Optional Merge Paired Reads

The Optional Merge Paired Reads tool has been moved to Legacy Tools folder because it is now incorporated into the OTU Clustering tool. When the input consists of paired reads, the OTU clustering tool will initially merge them into pairs, and align the resulting paired reads to OTUs. Reads that cannot be merged will be independently aligned to reference OTUs. Then both reads of a pair will be assigned to the OTU where they both align with the highest identity possible. Finally, the tool merges both reads of the pair using a stretch of N to the fragments so that the paired read looks as much as possible like the OTU they have been assigned to. For example, the forward-reverse pair (ACGACGACG, GTAGTAGTA) will be turned into ACGACGACGnnnnnnnnnnnnnnnnnnnnTACTACTAC.

In order to use the highest quality sequences for clustering, it is recommended to merge paired read data. If the read length is smaller than the amplicon size, forward and reverse reads are expected to overlap in most of their 3' regions. Therefore, one can merge the forward and reverse reads to yield one high quality representative using the Optional Merge Paired Reads tool. The Optional Merge Paired Reads tool will merge paired-end reads according to some pre-selected merge parameters: the overlap region and the quality of the sequences. For example, for a designed 150 bp overlap, a maximum score of 150 is achievable, but as the real length of the overlap is unknown, a lower minimum score should be chosen. Also, some mismatches and indels should be allowed, especially if the sequence quality is not perfect. You can also set penalties for mismatch, gap and unaligned ends.

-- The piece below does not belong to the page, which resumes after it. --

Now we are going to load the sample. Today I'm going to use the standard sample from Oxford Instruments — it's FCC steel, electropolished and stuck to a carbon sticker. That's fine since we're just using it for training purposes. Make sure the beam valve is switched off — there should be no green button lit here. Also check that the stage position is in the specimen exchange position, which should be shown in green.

To run the Optional Merge Paired Reads tool, go to Legacy Tools | Optional Merge Paired Reads (Image overlapping_pairs_16_n_p).

Select any number of sequences as input. The tool accepts both paired and unpaired reads but will only merge the paired reads while returning the unpaired ones as "not merged" reads in the output. Note that paired reads have to be in forward-reverse orientation. After merging, the merged reads will always be in the forward orientation.

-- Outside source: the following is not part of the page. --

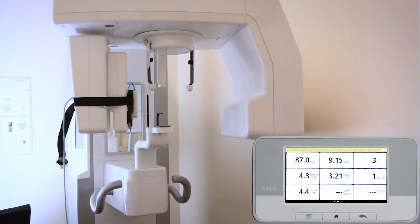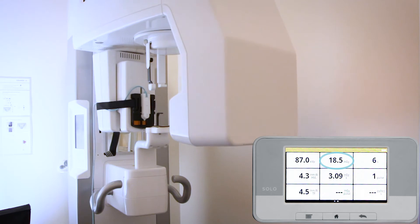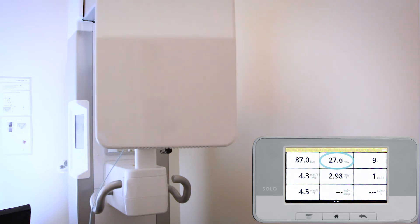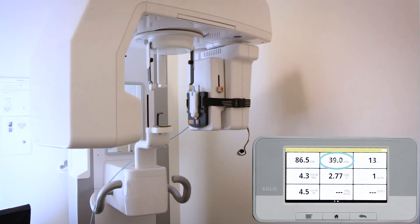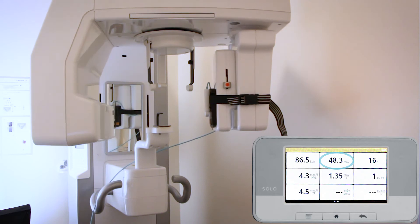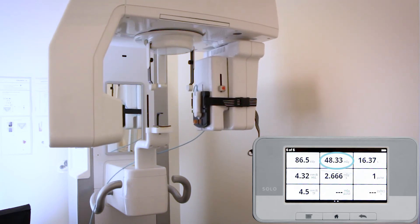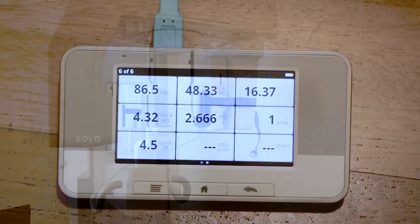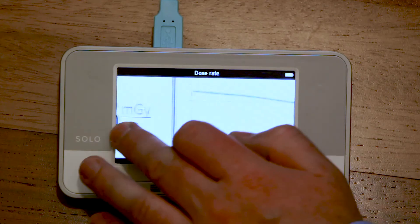The interesting parameter for confirmation of the position is the dose. The position of the highest dose is the correct position to start recording the other parameters as well. You find the dose parameter in the top center of the X2 screen.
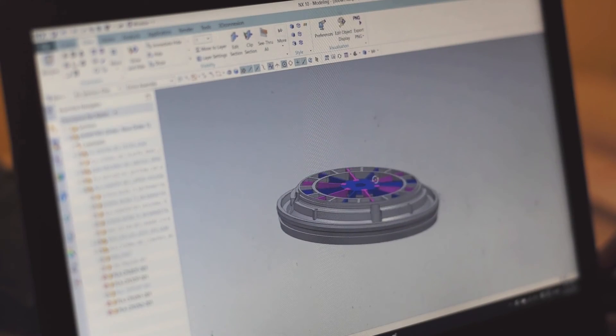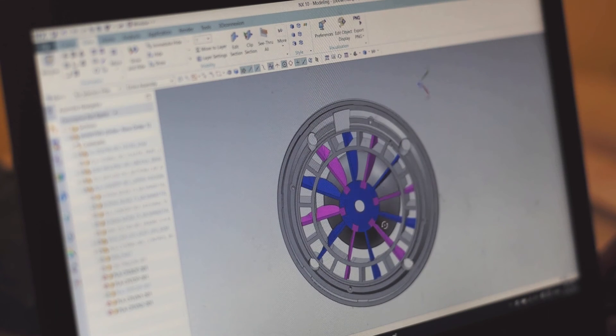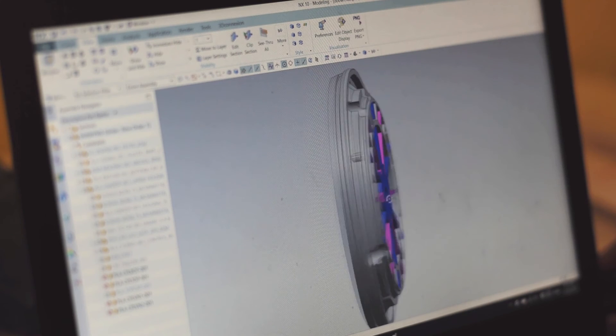To do that, we made this part. It has vanes which we custom designed to solve this problem. What they do is take all of that energy going in those directions and push it outward in the axial direction.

Click Next to open the dialog shown in figure 22.1.

Image optionalmergepairedreads
Figure 22.1: Alignment parameters.

In order to understand how these parameters should be set, an explanation of the merging algorithm is needed: Because the fragment size is not an exact number of base pairs and is different from fragment to fragment, an alignment of the two reads has to be performed. If the alignment is good and long enough, the reads will be merged. Good enough in this context means that the alignment has to satisfy some user-specified score criteria (details below). Because of sequencing errors that typically are more abundant towards the end of the read, the alignment is not expected always to be perfect, and the user can decide how many errors are acceptable. Long enough in this context means that the overlap between the reads has to be non-coincidental. Merging two reads that do not really overlap leads to errors in the downstream analysis, thus it is very important to make sure that the overlap is big enough. If only a few bases overlap was required, some read pairs will match by chance, so this has to be avoided.

The following parameters are used to define what is good enough and long enough.

The main result will be two sequence lists for each sample selected as input to the tool: one containing the merged reads (labeled as "merged"), and one containing the reads that could not be merged (labeled as "not merged"). Note that low quality can be one of the reasons why a pair cannot be merged. Hence, the list of reads that could not be paired is more likely to contain more reads with errors than the one with the merged reads.